Fix `TypeError` by Ignoring null characters in PSBaseParser (#768)

* Ignore null characters in PSBaseParser Beforehand, null characters were encoded as PSKeyword tokens. This caused issue #617, as pdfdevice.py would attempt to decode the null character PSKeyword, when it expects a byte string, as opposed to a PSKeyword, causing pdfminer.six to crash. As null characters are superfluous within PSBaseParser, ignore them. * Update CHANGELOG.md Co-authored-by: Pieter Marsman <pietermarsman@gmail.com>
2022-06-26 15:46:39 +00:00 · 2022-06-26 15:46:39 +00:00 · ebf92acf0c
parent f63e9fbee9
commit ebf92acf0c
2 changed files with 3 additions and 0 deletions
--- a/CHANGELOG.md
+++ b/CHANGELOG.md
@ -11,6 +11,7 @@ The format is based on [Keep a Changelog](https://keepachangelog.com/en/1.0.0/).

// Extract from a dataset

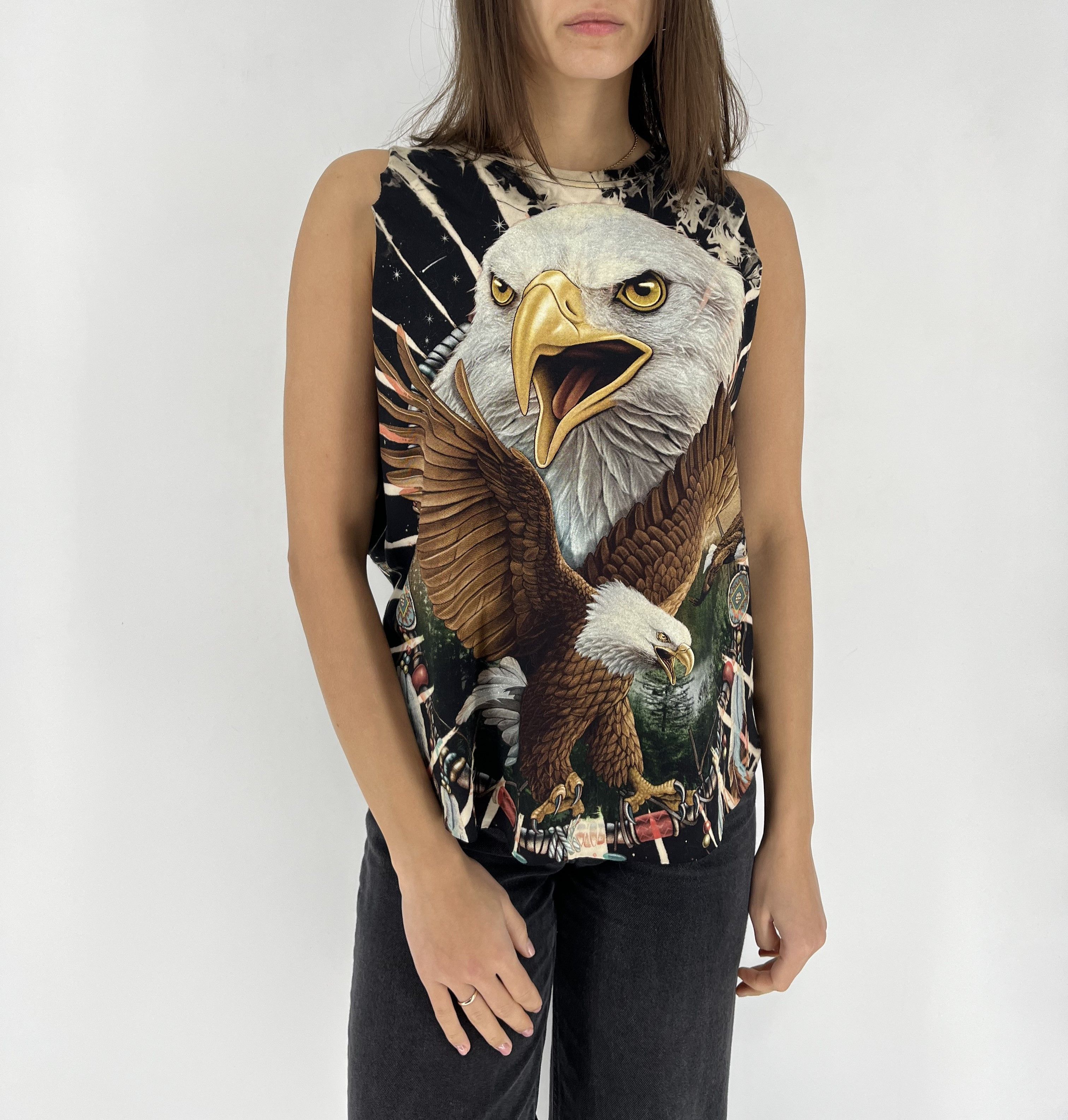 Vintage Cool T-shirt with eagle neon print in Harley style Size L / US 10 / IT 46 - 1 Thumbnail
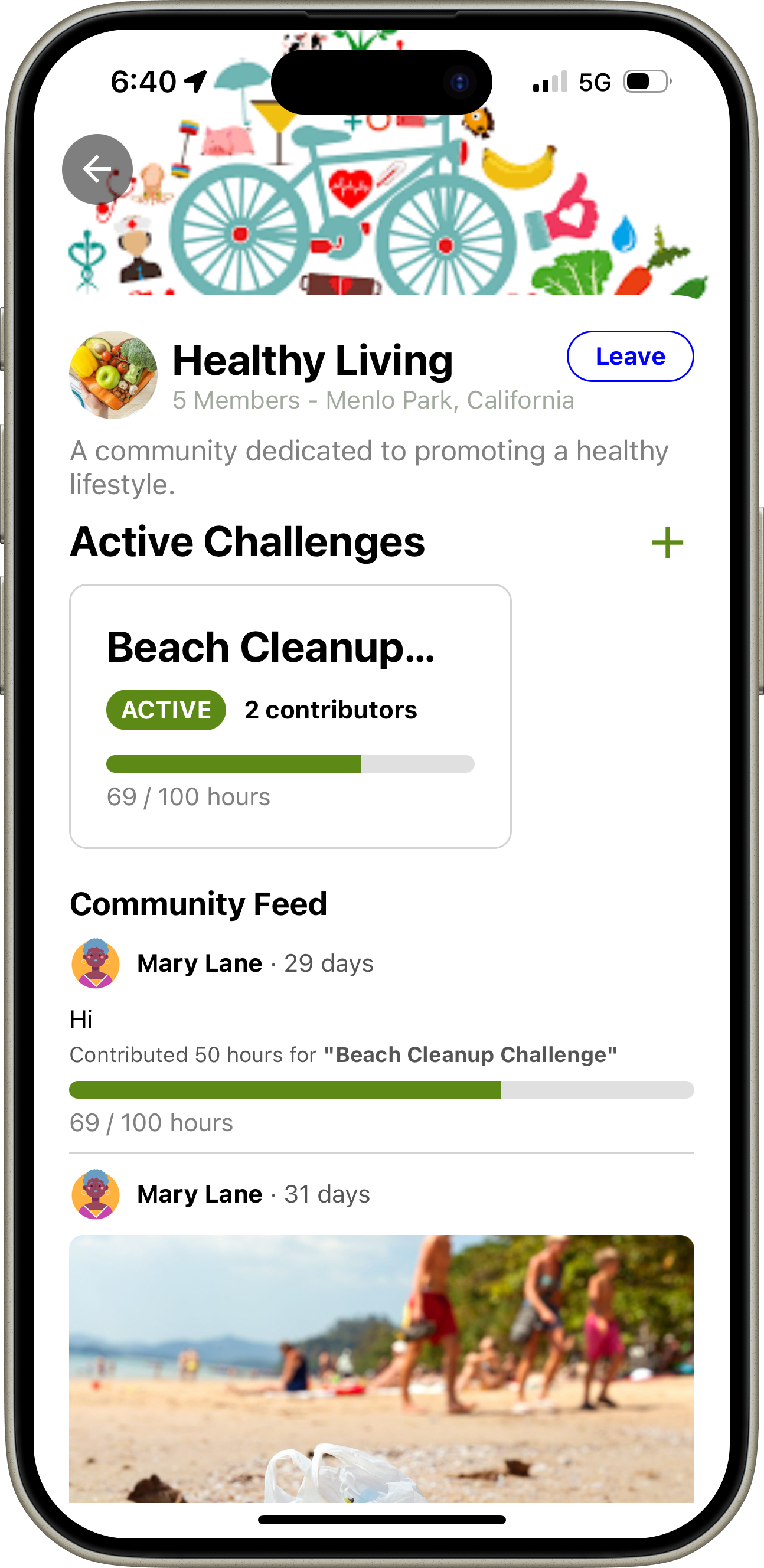 root community screen showing the Healthy Living community and associated user activities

 - `ValueError` when trying to decrypt empty metadata values ([#766](https://github.com/pdfminer/pdfminer.six/issues/766))
 - Sphinx errors during building of documentation ([#760](https://github.com/pdfminer/pdfminer.six/pull/760))

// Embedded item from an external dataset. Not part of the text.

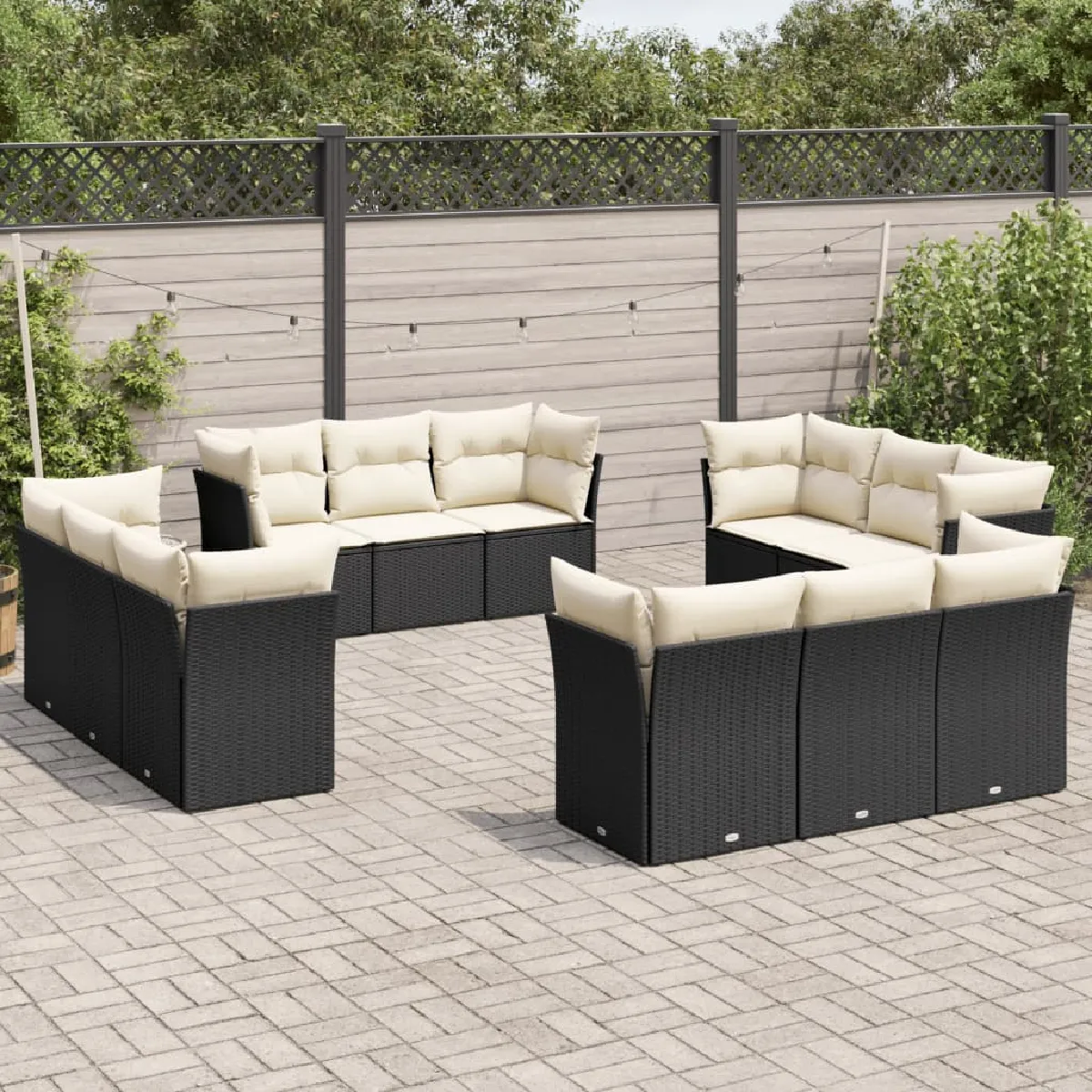 VIDAXL Ensemble de jardin résine tressée 12 pcs - vue 2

 - `TypeError` when getting default width of font ([#720](https://github.com/pdfminer/pdfminer.six/issues/720))
 - `TypeError` in cmapdb.py when parsing null characters ([#768](https://github.com/pdfminer/pdfminer.six/pull/768))
 ### Deprecated
--- a/pdfminer/psparser.py
+++ b/pdfminer/psparser.py
@ -334,6 +334,8 @@ class PSBaseParser:
            self._curtoken = b""
            self._parse1 = self._parse_wclose
            return j + 1
        elif c == b"\x00":
            return j + 1
        else:
            self._add_token(KWD(c))
            return j + 1